Sunday, March 17, 2013

The 'Flying Swan' that keeps the Indian soldier connected to his family

Dear Comrades,

KOLKATA: In this day of internet and smartphones, there are some who still wait eagerly for that inland letter or envelope from home, marked with their names, unit details and C/O 56 or 99 APO.

These are the Indian Army jawans posted at remote outposts, where in some cases, the only means of communication are air-drops or mule trains.

While the role of combat soldier involves a certain degree of glamour, few are aware of the units that help in keeping him in a state of readyness.

One such unit is the Army Postal Service (APS) which celebrated its 42nd Raising Day on Friday. The APS, through its two Central Base Post Offices (CBPOs) — one of which is in Kolkata — plays the very
important role of keeping the jawan connected to his family in a remote village, several thousand miles away. It is that one letter that can make the day for a soldier braving all odds in sub-zero temperatures on a feature along the Line of Actual Control in Arunachal Pradesh or Sikkim.

56 and 99 APO are the two CBPOs operating out of New Delhi and Kolkata.

Between the two, the entire postal needs of the armed forces and the few other ancillary paramilitary organisations get taken care of.

Subsequent to the victory over Japan by Allied forces in August 1945, the 'Indian Army Postal Service' as it was then known, began the process of disbanding all its existing 137 Field Post offices (FPOs).
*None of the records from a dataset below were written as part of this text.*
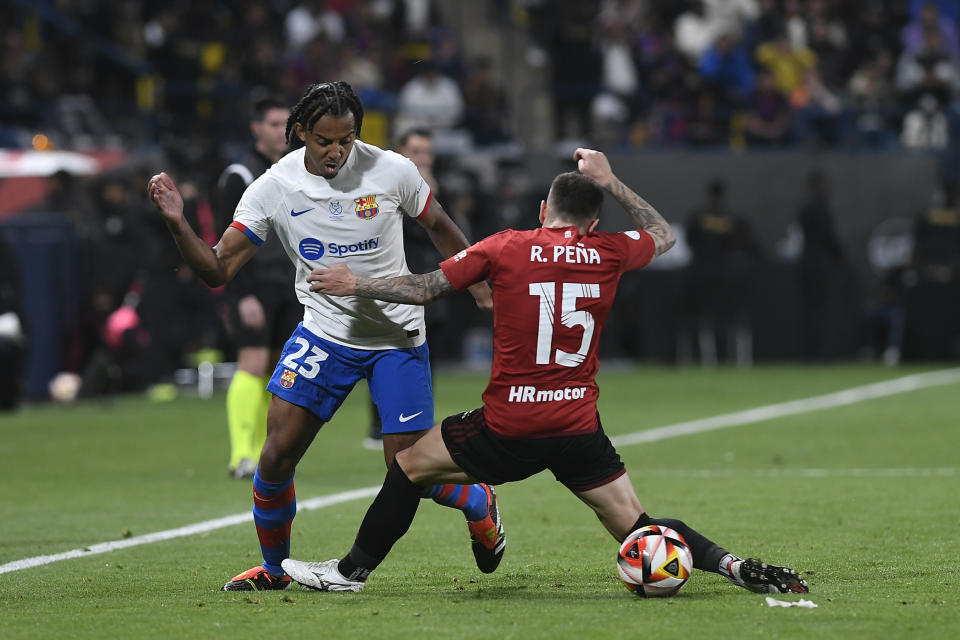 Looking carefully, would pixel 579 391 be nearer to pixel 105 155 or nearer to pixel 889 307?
pixel 105 155

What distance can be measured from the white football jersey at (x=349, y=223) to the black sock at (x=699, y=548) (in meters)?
1.31

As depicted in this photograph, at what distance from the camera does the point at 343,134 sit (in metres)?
6.82

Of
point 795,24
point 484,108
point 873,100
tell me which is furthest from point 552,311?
point 795,24

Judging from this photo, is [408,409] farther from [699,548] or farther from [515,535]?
[515,535]

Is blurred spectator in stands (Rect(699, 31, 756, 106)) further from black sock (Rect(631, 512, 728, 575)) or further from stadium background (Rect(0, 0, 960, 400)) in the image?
black sock (Rect(631, 512, 728, 575))

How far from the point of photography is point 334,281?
636cm

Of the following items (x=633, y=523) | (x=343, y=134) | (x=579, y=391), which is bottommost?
(x=633, y=523)

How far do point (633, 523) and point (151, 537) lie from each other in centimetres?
315

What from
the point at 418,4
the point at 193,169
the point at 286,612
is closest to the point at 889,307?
the point at 418,4

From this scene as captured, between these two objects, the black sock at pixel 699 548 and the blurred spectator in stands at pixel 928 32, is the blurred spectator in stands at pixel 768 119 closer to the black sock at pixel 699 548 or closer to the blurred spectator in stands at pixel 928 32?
the blurred spectator in stands at pixel 928 32

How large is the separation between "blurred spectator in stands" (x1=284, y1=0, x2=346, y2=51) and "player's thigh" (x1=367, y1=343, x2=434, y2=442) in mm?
17647

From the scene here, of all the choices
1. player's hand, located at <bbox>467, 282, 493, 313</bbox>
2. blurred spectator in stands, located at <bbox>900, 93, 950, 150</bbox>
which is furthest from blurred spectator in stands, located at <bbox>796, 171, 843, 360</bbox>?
player's hand, located at <bbox>467, 282, 493, 313</bbox>

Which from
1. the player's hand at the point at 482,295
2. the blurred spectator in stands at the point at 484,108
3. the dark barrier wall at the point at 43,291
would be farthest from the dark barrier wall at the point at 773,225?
the player's hand at the point at 482,295

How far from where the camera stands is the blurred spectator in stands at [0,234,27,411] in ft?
53.4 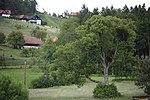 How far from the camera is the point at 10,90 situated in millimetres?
23750

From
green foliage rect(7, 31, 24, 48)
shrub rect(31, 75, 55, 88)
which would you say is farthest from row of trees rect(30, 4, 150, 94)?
green foliage rect(7, 31, 24, 48)

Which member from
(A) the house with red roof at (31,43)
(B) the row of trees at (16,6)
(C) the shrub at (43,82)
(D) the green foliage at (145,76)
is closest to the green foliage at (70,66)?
(D) the green foliage at (145,76)

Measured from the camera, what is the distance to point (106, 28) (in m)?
34.5

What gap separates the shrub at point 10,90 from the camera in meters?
23.3

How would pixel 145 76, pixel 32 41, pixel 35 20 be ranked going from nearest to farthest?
1. pixel 145 76
2. pixel 32 41
3. pixel 35 20

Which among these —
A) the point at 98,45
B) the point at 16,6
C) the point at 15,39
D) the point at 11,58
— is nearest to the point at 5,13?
the point at 16,6

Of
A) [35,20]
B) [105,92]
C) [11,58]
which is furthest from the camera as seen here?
[35,20]

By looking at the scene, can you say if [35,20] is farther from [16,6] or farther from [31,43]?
[31,43]

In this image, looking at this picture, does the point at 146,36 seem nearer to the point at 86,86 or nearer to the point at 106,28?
the point at 86,86

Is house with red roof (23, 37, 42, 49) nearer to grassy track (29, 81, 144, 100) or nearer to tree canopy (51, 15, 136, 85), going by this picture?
grassy track (29, 81, 144, 100)

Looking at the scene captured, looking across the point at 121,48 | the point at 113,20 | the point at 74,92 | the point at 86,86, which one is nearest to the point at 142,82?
the point at 121,48

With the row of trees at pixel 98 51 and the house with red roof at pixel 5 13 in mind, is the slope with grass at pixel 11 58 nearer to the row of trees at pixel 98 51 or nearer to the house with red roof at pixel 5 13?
the row of trees at pixel 98 51

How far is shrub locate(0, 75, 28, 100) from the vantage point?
23.3 metres

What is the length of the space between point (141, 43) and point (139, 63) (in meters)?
24.0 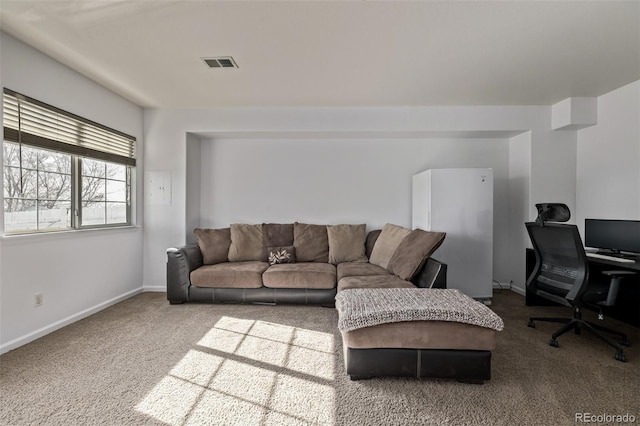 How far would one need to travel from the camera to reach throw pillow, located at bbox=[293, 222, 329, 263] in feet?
12.9

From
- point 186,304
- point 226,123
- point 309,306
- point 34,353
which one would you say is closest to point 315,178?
point 226,123

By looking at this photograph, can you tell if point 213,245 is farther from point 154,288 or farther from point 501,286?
point 501,286

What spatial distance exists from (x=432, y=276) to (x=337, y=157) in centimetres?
225

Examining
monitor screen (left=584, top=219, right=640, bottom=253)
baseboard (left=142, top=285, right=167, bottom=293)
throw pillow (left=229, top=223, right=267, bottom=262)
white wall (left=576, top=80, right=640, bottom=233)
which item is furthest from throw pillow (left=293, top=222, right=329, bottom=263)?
white wall (left=576, top=80, right=640, bottom=233)

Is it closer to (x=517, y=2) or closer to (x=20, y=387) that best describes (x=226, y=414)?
(x=20, y=387)

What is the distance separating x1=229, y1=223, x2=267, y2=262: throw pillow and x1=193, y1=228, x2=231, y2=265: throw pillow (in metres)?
0.08

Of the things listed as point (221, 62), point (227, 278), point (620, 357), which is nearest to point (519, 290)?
point (620, 357)

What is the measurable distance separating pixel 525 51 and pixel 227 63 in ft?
8.47

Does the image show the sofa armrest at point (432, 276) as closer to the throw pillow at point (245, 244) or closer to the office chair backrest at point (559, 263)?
the office chair backrest at point (559, 263)

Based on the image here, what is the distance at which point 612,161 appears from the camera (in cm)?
342

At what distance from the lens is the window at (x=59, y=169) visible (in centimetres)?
240

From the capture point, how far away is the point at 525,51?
2514mm

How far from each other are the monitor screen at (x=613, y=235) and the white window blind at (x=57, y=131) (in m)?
5.47

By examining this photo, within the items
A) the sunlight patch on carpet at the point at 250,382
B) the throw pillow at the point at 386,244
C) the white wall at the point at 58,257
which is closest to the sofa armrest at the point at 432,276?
the throw pillow at the point at 386,244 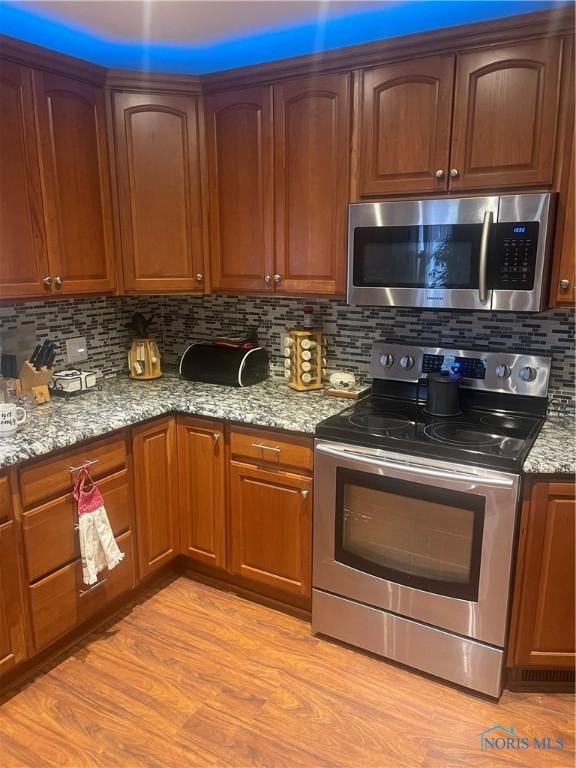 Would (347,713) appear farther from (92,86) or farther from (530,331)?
(92,86)

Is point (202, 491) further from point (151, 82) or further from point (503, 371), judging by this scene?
point (151, 82)

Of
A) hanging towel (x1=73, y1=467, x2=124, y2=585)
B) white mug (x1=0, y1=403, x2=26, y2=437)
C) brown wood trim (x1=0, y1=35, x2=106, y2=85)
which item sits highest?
brown wood trim (x1=0, y1=35, x2=106, y2=85)

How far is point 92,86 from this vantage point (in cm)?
→ 236

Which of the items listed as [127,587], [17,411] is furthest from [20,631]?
[17,411]

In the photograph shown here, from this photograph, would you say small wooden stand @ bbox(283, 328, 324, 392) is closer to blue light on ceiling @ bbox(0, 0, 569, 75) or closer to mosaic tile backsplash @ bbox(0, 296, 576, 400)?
mosaic tile backsplash @ bbox(0, 296, 576, 400)

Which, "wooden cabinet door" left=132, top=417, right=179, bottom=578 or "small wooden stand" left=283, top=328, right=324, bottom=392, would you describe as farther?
"small wooden stand" left=283, top=328, right=324, bottom=392

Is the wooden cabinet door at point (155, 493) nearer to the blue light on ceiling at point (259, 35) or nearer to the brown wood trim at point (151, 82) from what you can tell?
the brown wood trim at point (151, 82)

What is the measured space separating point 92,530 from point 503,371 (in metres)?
1.74

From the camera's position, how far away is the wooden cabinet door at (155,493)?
2.39 meters

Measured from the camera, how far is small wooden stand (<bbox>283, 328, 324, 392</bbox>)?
2.60m

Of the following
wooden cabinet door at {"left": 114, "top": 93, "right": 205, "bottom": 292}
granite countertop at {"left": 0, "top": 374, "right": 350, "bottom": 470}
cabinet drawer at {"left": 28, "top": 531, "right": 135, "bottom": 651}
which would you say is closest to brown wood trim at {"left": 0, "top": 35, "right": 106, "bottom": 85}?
wooden cabinet door at {"left": 114, "top": 93, "right": 205, "bottom": 292}

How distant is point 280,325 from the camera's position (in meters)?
2.89

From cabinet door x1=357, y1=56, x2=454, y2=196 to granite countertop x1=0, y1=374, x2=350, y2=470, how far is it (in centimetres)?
94

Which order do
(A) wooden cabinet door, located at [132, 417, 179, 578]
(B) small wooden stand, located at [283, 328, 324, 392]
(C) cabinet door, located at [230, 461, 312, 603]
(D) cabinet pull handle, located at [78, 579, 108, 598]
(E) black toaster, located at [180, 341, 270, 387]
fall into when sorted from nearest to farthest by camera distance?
(D) cabinet pull handle, located at [78, 579, 108, 598] → (C) cabinet door, located at [230, 461, 312, 603] → (A) wooden cabinet door, located at [132, 417, 179, 578] → (B) small wooden stand, located at [283, 328, 324, 392] → (E) black toaster, located at [180, 341, 270, 387] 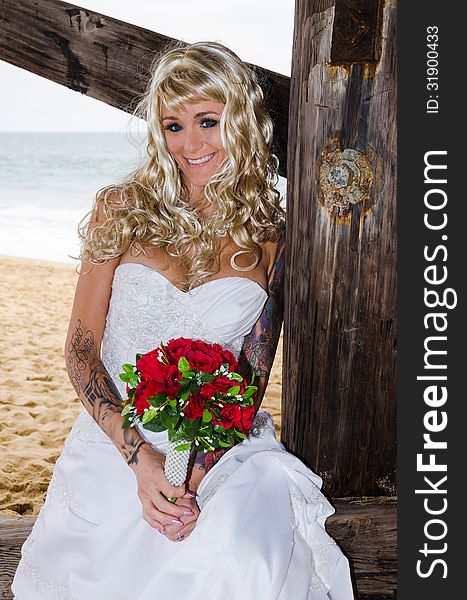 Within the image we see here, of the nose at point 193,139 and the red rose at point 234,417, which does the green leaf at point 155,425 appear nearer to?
the red rose at point 234,417

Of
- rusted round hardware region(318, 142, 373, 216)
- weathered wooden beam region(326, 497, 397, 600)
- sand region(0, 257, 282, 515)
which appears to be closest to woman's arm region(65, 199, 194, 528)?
weathered wooden beam region(326, 497, 397, 600)

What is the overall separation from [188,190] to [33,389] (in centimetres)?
409

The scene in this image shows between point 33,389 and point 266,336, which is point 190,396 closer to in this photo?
point 266,336

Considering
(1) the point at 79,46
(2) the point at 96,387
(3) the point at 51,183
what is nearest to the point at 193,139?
(1) the point at 79,46

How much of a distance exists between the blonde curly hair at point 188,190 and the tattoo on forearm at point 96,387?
0.94 ft

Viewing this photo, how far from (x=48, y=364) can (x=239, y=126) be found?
16.8 feet

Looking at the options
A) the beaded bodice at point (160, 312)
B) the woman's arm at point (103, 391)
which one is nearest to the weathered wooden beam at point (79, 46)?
the woman's arm at point (103, 391)

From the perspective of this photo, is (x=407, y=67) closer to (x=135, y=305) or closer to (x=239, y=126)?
(x=239, y=126)

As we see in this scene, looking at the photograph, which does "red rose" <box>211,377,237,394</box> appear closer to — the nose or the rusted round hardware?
the rusted round hardware

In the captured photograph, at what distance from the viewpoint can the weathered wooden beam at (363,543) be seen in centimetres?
242

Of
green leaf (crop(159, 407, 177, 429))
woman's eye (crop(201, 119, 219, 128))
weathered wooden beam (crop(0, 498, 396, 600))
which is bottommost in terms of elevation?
weathered wooden beam (crop(0, 498, 396, 600))

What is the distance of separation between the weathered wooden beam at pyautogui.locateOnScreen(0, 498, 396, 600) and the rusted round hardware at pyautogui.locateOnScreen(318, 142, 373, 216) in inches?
38.9

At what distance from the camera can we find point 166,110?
8.40 ft

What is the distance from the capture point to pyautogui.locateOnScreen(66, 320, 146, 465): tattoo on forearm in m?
2.27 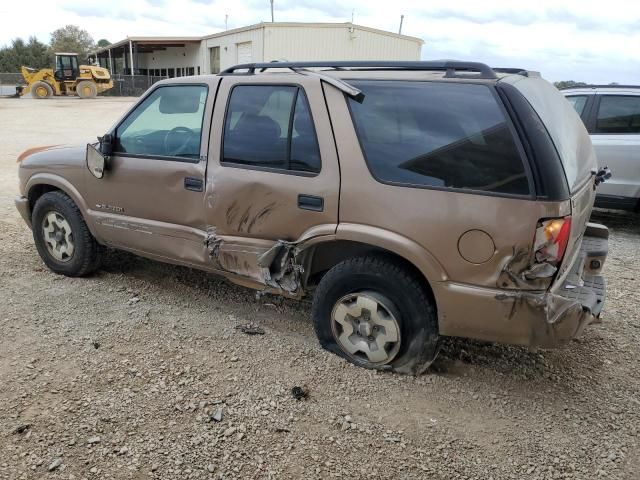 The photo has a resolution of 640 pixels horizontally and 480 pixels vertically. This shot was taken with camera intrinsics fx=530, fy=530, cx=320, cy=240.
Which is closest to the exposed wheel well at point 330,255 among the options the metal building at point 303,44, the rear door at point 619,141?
the rear door at point 619,141

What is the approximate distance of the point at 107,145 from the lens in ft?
13.9

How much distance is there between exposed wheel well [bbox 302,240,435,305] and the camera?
3252 millimetres

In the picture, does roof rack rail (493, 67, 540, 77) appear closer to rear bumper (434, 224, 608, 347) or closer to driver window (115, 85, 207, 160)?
rear bumper (434, 224, 608, 347)

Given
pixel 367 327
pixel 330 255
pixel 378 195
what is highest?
pixel 378 195

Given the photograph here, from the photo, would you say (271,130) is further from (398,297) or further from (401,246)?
(398,297)

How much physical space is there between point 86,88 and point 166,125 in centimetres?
3326

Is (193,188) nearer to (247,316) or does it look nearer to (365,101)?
(247,316)

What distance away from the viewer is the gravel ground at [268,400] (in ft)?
8.58

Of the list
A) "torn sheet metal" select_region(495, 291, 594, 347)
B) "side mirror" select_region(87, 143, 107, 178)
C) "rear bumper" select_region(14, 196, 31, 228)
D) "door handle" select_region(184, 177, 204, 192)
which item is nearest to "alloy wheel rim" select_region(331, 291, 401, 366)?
"torn sheet metal" select_region(495, 291, 594, 347)

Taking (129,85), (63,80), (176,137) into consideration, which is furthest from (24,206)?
(129,85)

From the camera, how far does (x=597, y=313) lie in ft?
9.94

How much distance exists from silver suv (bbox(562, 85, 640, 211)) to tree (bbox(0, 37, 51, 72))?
202ft

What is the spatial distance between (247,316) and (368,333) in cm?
120

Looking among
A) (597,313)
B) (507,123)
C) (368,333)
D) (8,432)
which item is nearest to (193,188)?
(368,333) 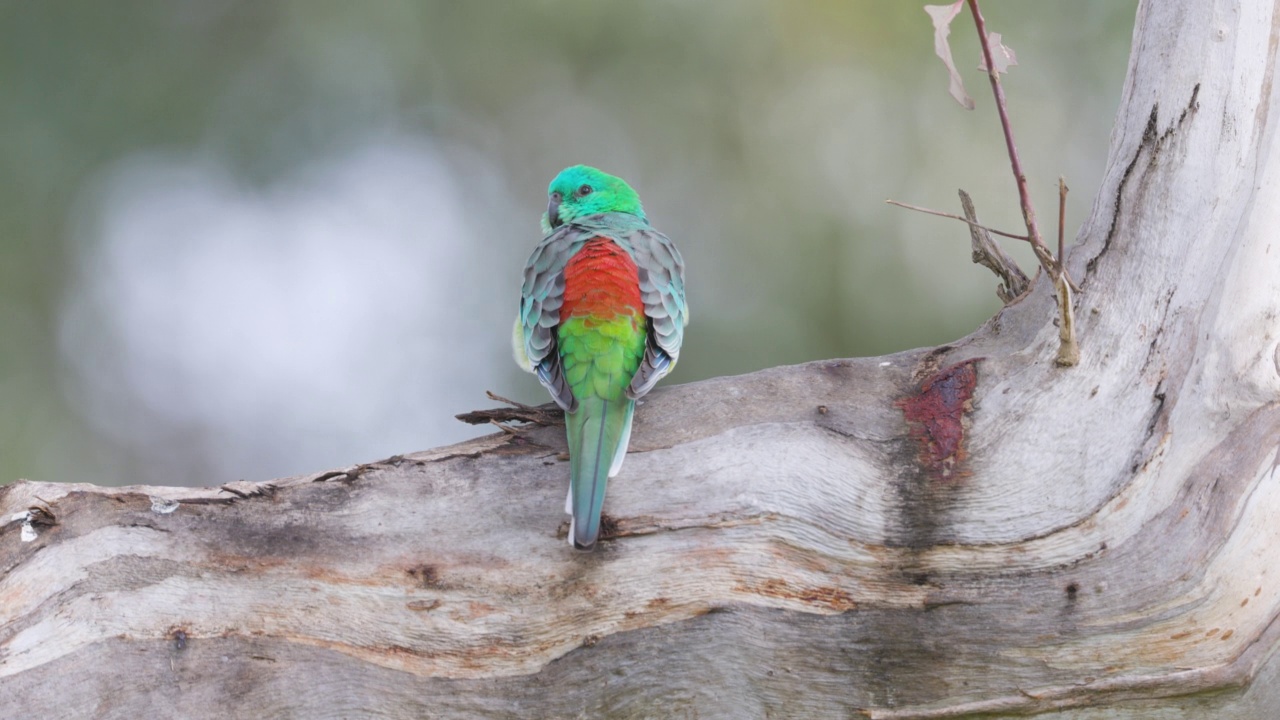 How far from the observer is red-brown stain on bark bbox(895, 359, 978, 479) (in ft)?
8.15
56 FPO, which was raised in Secunderabad on June 30, 1941, was the last FPO awaiting disbandment.
Having just returned from Iwakuni, the British Commonwealth Occupation Force Air Base in Japan, it was however, left unscathed. Redesignated on October 24, 1947, with a new coded security address "C/O 56 APO", it began as the new base sorting office in New Delhi to serve the postal needs of troops at Punjab and J&K, as a consequence of the Pakistani raiders' invasion on October 20, 1947.

Meanwhile, "C/O 99 APO" came into being as the coded security address for all formations in the eastern theatre including all the eight north-eastern states, West Bengal and the Andaman group of islands with the raising of 2 CBPO on April 1, 1964. It addresses all its postal operations through its network of nearly 130 FPOs. Since then, this unit which adopted the 'flying swan' — the mythical carrier of messages in several Indian epics, including the Mahabharata — as its emblem with the motto "Mel Milap" has kept the soldier in the frontline connected to his family.

Contrary to perceptions that cellular connectivity and internet must be denting the mail volume in present times, statistics indicate that it has in fact risen steadily.Brigadier (APS) at Eastern Command, B Chandrasekhar, ascribes this phenomenon to the rise in the volume of official and business mail.
Amplifying further, Col Akhilesh Pandey, Commandant No 2 CBPO says, "The mails from various service providers such as financial institutions including banks, insurance and investment companies, towards their business transactions are on the rise. The services also extensively use the 'Scheduled Despatch Services' (SDS) for despatch of all their secure official mail."